▶ YOUR GOAL
Once the line with "Girl with black shirt" is found in the data, output it and each following line exactly, up to and including the line with "Globus Prospekt –", and nothing before or after.

▶ MATERIAL FOR THE TASK
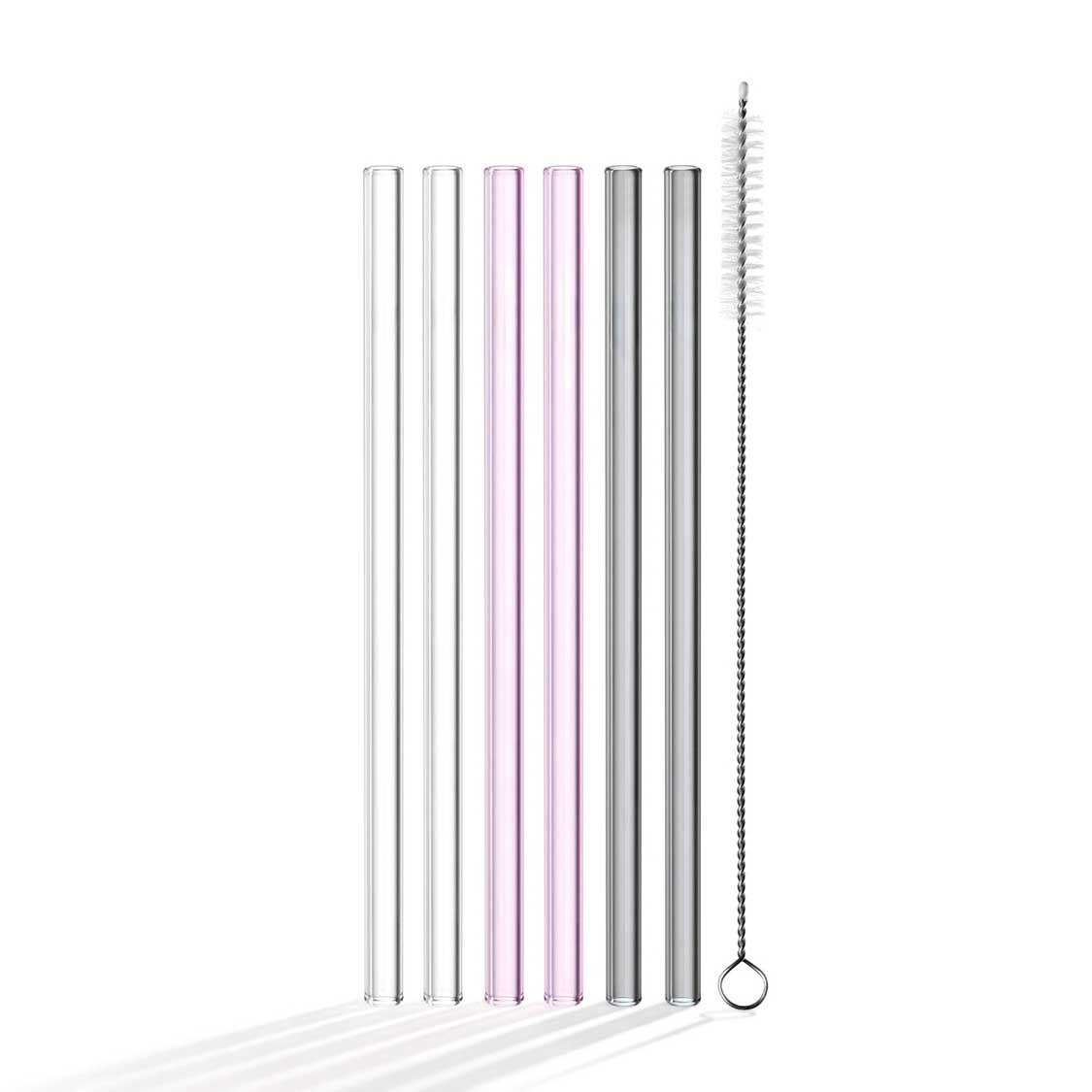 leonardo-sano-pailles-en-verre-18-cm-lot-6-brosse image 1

...

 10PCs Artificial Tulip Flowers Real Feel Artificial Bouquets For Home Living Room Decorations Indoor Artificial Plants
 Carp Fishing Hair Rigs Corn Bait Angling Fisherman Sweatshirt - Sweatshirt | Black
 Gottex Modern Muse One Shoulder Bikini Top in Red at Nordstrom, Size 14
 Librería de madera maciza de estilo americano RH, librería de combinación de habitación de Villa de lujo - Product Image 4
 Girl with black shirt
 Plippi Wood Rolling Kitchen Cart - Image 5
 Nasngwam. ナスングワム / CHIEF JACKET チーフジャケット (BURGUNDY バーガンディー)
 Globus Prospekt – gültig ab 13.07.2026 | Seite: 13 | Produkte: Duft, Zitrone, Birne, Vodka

* * *

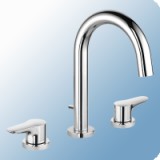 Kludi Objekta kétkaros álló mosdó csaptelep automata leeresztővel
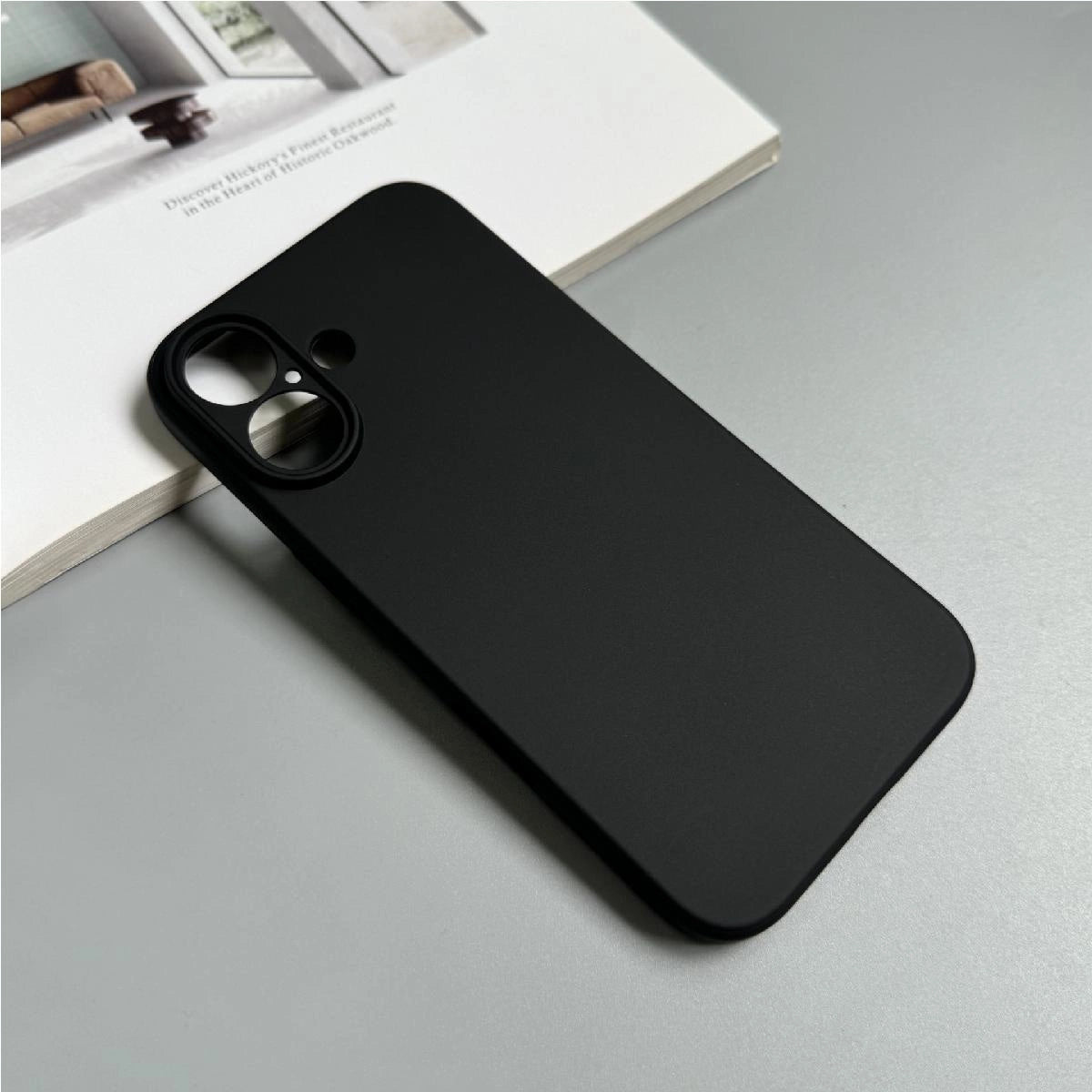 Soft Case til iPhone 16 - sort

▶ RESULT OF THIS TASK
 Girl with black shirt
 Plippi Wood Rolling Kitchen Cart - Image 5
 Nasngwam. ナスングワム / CHIEF JACKET チーフジャケット (BURGUNDY バーガンディー)
 Globus Prospekt – gültig ab 13.07.2026 | Seite: 13 | Produkte: Duft, Zitrone, Birne, Vodka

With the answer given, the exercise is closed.